Maria Colaneri, a long time local of the township of Healesville in the heart of the Yarra Valley, founded Yarra Valley Pasta in May 1997. A true visionary, she began with just a small semi – industrial pasta machine and a long list of traditional family recipes. Today, nearly a quarter of a century later, Maria’s daughter Lisa, along with her team of loyal pasta makers, have steadfully pursued a simple philosophy: to make a unique high quality pasta product while ensuring they follow an artisan approach to their craft, based on the unique culinary traditions learned from the Colaneri’s Italian ancestors.

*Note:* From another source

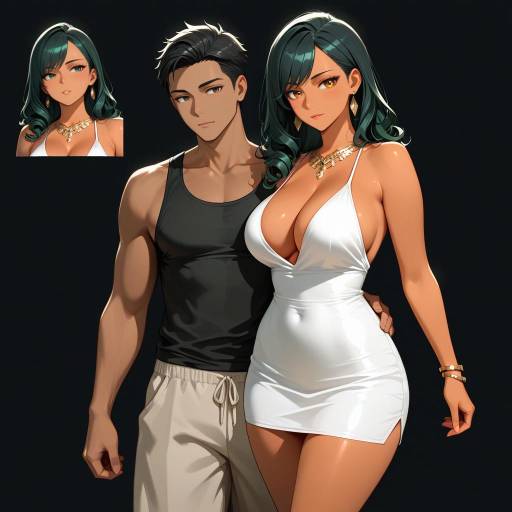 Cowboy Shot of a Stylish Couple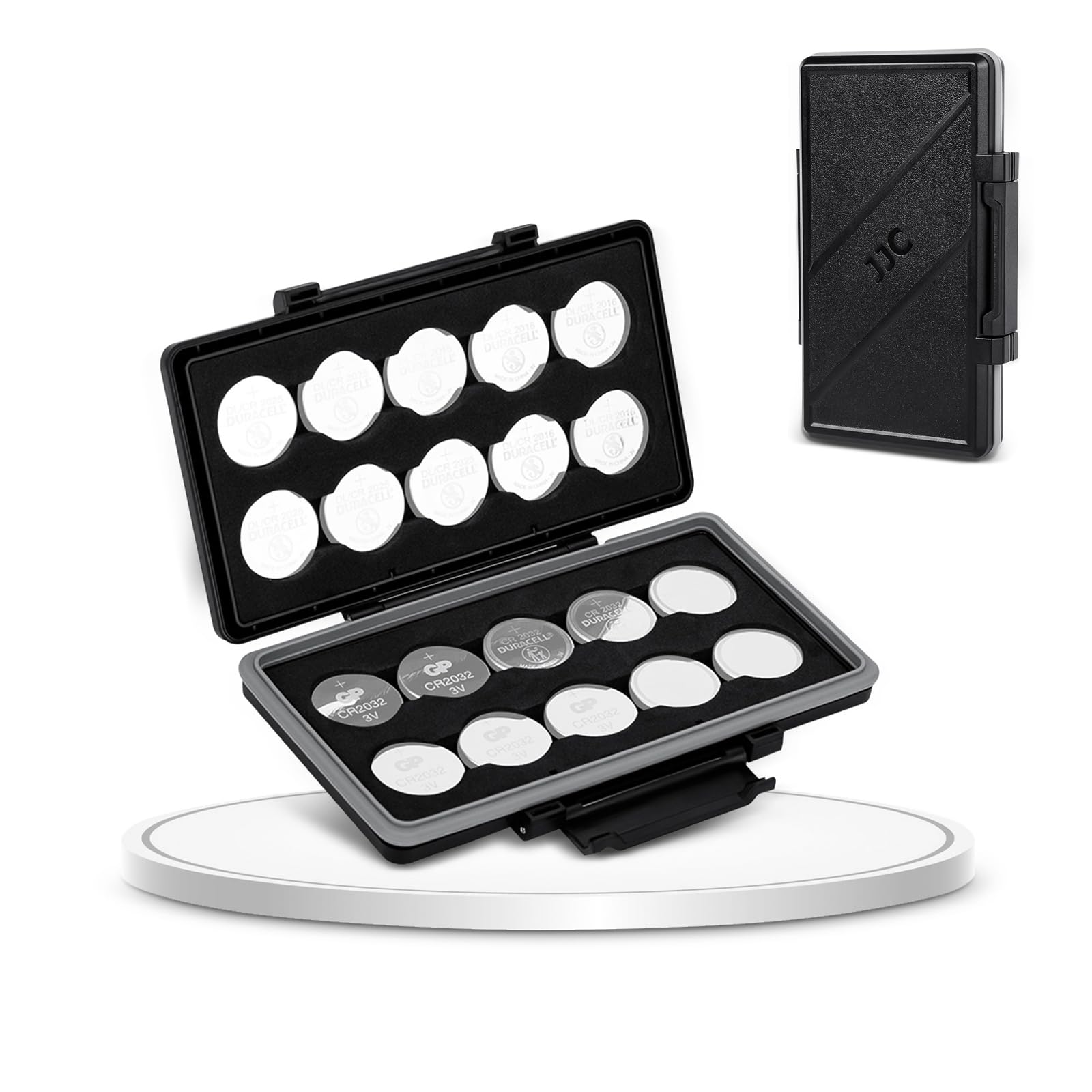 Amazon.com: JJC CR2032 CR2025 Battery Case Holder Storage,Water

EMBRACING THE HISTORY OF THE FOOD AND CULTURE OF THE COLANERI FAMILY FROM ITALY’S MOLISE REGION IN CENTRAL SOUTHERN ITALY
In the Colaneri’s home town of Frosolone in the heart of the Molise region of Italy, cooking is still a rite of love and dedication.
All the food products of the Molise retain the genuine flavours of this ancient peasant civilisation: wholesome & genuine ingredients, the unquestionable ability of its cooks and mountain air that sharpens the appetite. The strong and visceral attachment to the land is what makes up the daily way of life here; the life of the shepherd and farmer working the land continues to be such a true testament of the past.
The meats, salami’s & cheeses of the region are tasty & highly sought after, as the animals freely roam throughout the high plains & ravines, happily eating the fresh, natural crops of the mountain pastures. Under the generous subsoil of the mountains hidden treasures of white & black truffles can be found. The summer harvest of durum semolina wheat from the lower plains of the region form the main basis of the artisan style dried pasta products from local regional producers such as “La Rustichella,”manufactured from the sea side port of Termoli.
All egg based pasta (like Yarra Valley Pasta) is mostly made by hand in the home. In post war Europe, egg pasta was considered a luxury, usually only being made for special occasions. Today, “pasta artigiani con uovi” is often found in the restaurant kitchens & trattoria’s of the towns.
Through the wise work of the artisan cheese maker’s hands, milk is transformed according to simple, ancient techniques into the ricotta, caciocavallo, scarmorza and pecorino cheeses of the region with long ripening processes in the sparkling mountain air and time being the absolute sovereign of the entire production cycle.
In the restaurants, trattoria’s and mountain shelters of this undiscovered region of Italy, one can still eat the traditional dishes of the old peasant families. The guest sitting at the table is still a companion to be gratified.